Dogs do not jump in order to establish dominance or to get closer to your face. They jump because it is natural and it receives some sort of acknowledgement from humans.

Many people try to remedy jumping by holding the dog’s paws, kneeing him in the chest, smacking him on the nose, grabbing him by the collar or giving a command. All these actions are giving the dog attention or are placing fear into the dog for offering a behavior.

Ignoring is very powerful and can be used to eliminate many behaviors that are not self-rewarding. If we ignore the jumping we can teach the dog that it is not a desired behavior. Owners have a harder time ignoring this behavior because many times it is uncomfortable or it happens to guest in the home that does not know to ignore.

Ignoring means you do not look at, touch or talk to your dog. Avoid eye contact with him and turn away if you must. When your dog realizes the behavior is not getting him attention, he will offer something else. When he offers an appropriate behavior for at least three seconds verbally mark and reward. If you acknowledge too quickly, you will teach him a chained behavior. Reward as long as he has four-on-the-floor. If at any time he begins jumping again, ignore.

If your dog jumps on you to throw a toy, simply ignore and wait for the appropriate behavior before throwing. He does not have to sit but needs to have all four feet on the ground.

When faced with other humans that want to greet your dog you must take responsibility in setting him up for success; especially if you plan on taking your foster to adoption events or out in public for training.

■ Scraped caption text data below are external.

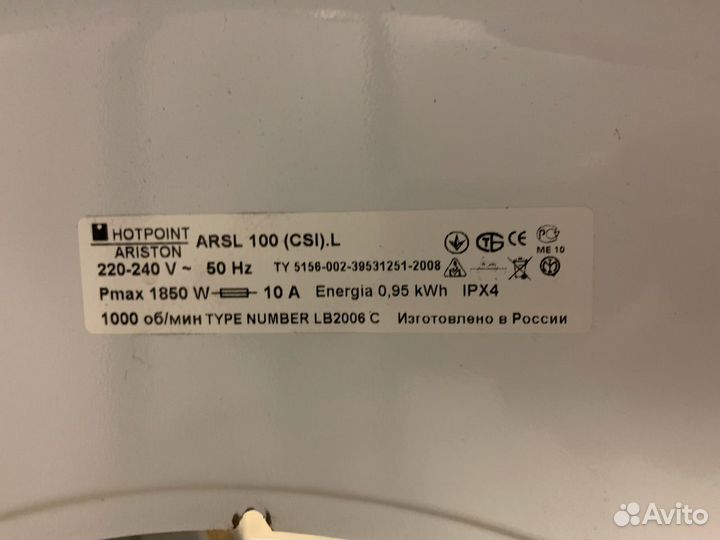 Стиральная машина Hotpoint-arsl100 (В разборе)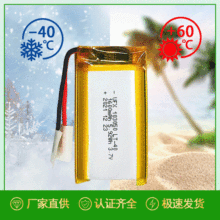 UFX103050 LT-40&deg;  3.7v   1600mAh  ���¾ۺ���﮵��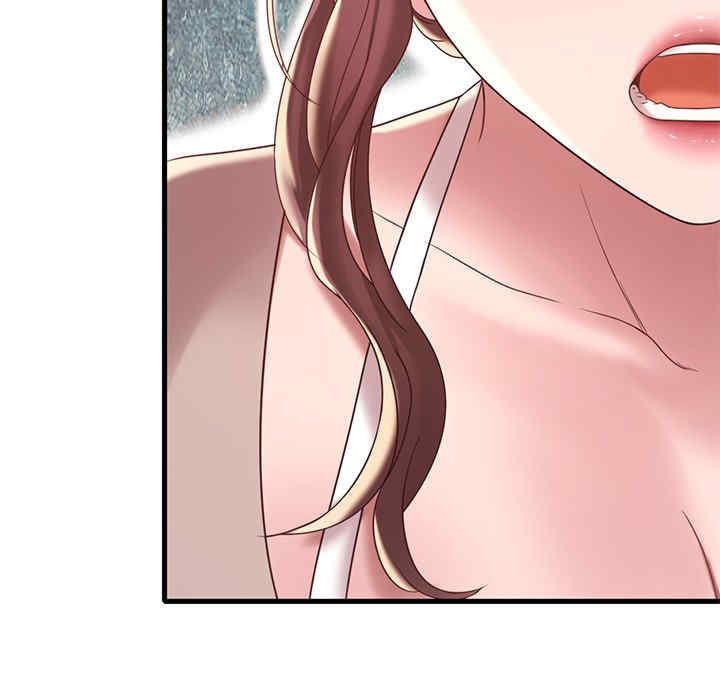 渴望占有她/想要拥有她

Because you cannot trust other people to know your dog is in training, you must control your dog’s immediate environment. This means limiting your dog’s options and controlling the response of others. Place your dog on a leash. Allow your dog to greet people with permission. If your dog exhibits appropriate behavior, praise him exuberantly; however, if he jumps, take a step back. This is an interruption with little interaction. Once the dog is giving appropriate behavior, give permission and allow him to greet the person again. Do not assume another person will ignore your dog when he jumps.